The GSA grossly mismanaged its Technology Transformation Service, according to a report submitted by GSA to OSC.

The General Services Administration (GSA) grossly mismanaged its Technology Transformation Service (TTS), according to a report submitted by GSA to the U.S. Office of Special Counsel (OSC). OSC sent the GSA report to the White House and Congress today, finding the GSA’s response to confirmed whistleblower disclosures unreasonable.

Thomas A. Sharpe, Jr., the GSA whistleblower and former Commissioner of the Federal Acquisition Service (FAS), also claimed that the GSA retaliated against him for speaking out about gross mismanagement of TTS. In a separate report, issued on June 22, 2017, the GSA Office of Inspector General (OIG) found that former GSA leadership retaliated against Mr. Sharpe for his disclosures about TTS mismanagement. The GSA OIG referred its retaliation findings to OSC. On June 28, 2017, after reviewing the GSA OIG’s findings, OSC obtained relief for Mr. Sharpe, who entered into a settlement with the GSA to resolve his whistleblower retaliation claim.

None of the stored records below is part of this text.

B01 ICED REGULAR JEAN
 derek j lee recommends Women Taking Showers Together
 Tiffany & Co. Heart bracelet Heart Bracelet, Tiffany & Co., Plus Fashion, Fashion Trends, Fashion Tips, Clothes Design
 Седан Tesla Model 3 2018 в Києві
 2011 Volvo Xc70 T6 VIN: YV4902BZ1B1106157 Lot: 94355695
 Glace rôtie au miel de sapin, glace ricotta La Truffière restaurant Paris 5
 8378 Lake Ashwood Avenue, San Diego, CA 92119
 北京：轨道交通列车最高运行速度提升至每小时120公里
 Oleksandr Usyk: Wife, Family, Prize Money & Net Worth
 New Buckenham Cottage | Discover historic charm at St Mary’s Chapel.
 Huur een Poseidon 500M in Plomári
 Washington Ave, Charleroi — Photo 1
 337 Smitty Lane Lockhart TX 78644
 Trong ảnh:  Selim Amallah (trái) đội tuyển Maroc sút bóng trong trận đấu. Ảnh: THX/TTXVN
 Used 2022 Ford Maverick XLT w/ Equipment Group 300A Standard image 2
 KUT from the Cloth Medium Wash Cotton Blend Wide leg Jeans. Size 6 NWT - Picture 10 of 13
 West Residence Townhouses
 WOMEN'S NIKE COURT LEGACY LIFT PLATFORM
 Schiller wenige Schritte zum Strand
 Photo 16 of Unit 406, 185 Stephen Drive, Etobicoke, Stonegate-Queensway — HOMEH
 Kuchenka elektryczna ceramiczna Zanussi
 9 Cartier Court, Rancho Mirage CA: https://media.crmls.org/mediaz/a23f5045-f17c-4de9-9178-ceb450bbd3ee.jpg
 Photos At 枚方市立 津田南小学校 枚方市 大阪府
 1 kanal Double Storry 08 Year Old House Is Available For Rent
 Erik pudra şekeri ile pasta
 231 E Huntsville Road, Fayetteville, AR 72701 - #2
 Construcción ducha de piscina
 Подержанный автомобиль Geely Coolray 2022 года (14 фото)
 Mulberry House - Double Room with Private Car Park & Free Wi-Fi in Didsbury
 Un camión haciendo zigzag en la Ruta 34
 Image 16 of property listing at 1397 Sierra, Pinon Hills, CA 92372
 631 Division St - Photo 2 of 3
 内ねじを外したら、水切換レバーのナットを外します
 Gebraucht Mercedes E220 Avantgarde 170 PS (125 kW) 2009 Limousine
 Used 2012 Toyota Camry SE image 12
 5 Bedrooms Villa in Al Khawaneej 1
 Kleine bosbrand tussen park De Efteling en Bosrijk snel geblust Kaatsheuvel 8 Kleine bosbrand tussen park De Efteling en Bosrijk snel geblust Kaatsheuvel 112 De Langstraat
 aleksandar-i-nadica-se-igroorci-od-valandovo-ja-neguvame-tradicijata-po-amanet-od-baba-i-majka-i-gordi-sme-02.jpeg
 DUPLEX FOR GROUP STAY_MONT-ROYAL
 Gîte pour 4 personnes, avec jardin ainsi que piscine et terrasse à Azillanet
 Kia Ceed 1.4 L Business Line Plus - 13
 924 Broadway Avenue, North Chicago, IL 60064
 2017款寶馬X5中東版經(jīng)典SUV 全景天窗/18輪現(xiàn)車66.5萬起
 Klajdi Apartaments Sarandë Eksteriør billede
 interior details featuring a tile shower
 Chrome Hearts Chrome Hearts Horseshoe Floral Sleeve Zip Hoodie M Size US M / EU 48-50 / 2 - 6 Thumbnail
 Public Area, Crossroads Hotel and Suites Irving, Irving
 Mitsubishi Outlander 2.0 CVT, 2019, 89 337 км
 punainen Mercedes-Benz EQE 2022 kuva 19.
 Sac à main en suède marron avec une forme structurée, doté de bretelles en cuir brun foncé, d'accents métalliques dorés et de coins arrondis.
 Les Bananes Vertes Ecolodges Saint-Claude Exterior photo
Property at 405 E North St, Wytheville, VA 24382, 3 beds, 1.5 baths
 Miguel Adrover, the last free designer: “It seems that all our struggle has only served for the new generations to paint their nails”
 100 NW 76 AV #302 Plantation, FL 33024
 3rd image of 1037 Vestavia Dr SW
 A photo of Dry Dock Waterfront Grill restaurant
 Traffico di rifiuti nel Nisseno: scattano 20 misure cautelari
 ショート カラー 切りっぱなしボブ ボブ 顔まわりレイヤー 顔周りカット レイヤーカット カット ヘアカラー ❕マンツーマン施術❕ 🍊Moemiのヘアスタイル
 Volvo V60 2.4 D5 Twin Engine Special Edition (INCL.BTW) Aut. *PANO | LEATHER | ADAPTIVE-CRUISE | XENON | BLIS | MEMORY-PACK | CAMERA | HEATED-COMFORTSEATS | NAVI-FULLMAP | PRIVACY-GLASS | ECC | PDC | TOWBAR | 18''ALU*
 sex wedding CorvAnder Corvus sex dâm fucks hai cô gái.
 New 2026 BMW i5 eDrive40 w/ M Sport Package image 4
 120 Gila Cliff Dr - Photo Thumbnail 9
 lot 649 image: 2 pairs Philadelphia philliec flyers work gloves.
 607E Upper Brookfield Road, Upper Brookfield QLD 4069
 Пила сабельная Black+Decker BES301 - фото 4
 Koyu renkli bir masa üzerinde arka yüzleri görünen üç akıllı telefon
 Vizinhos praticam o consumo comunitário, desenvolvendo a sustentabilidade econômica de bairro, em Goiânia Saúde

TTS is a GSA-run service that provides technology and software solutions to federal agencies. In its report to OSC, the GSA accepted the findings of two previous GSA OIG reports, which substantiated Mr. Sharpe’s allegations that the GSA grossly mismanaged TTS, and improperly financed TTS with significant Acquisition Services Fund monies in violation of the Economy Act. In its report, the GSA noted that TTS financial forecast models reflected an established pattern of over-estimating revenue projections and willfully disregarding losses. These losses exceeded $31 million, according to Mr. Sharpe and the GSA OIG, and continued to grow in fiscal year 2016. The GSA found that TTS violated the Economy Act by failing to recover costs of work performed through inaccurate financial projections and excessive staffing levels. The GSA did not substantiate Mr. Sharpe’s related allegation that the legal framework for TTS also violated the General Services Modernization Act.

Earlier in June 2017, the GSA notified OSC of its intent to move TTS under FAS, stating that the move “is intended to address the funding and management control issues identified” in the initial GSA report to OSC. In a letter to the President and Congress, Acting Special Counsel Adam Miles noted, “The realignment of TTS may resolve concerns about the legal framework for these services.” However, OSC’s letter continues, “without additional details on improved management controls, the realignment does not address Mr. Sharpe’s broader, substantiated concerns about mismanagement, and his related questions about whether the taxpayers are receiving a solid benefit from this program.”

OSC’s letter to the President and Congress, the GSA reports, and Mr. Sharpe’s comments can be found here. OSC thanks the GSA OIG for its efforts to protect Mr. Sharpe from retaliation and for referring its report to OSC for resolution.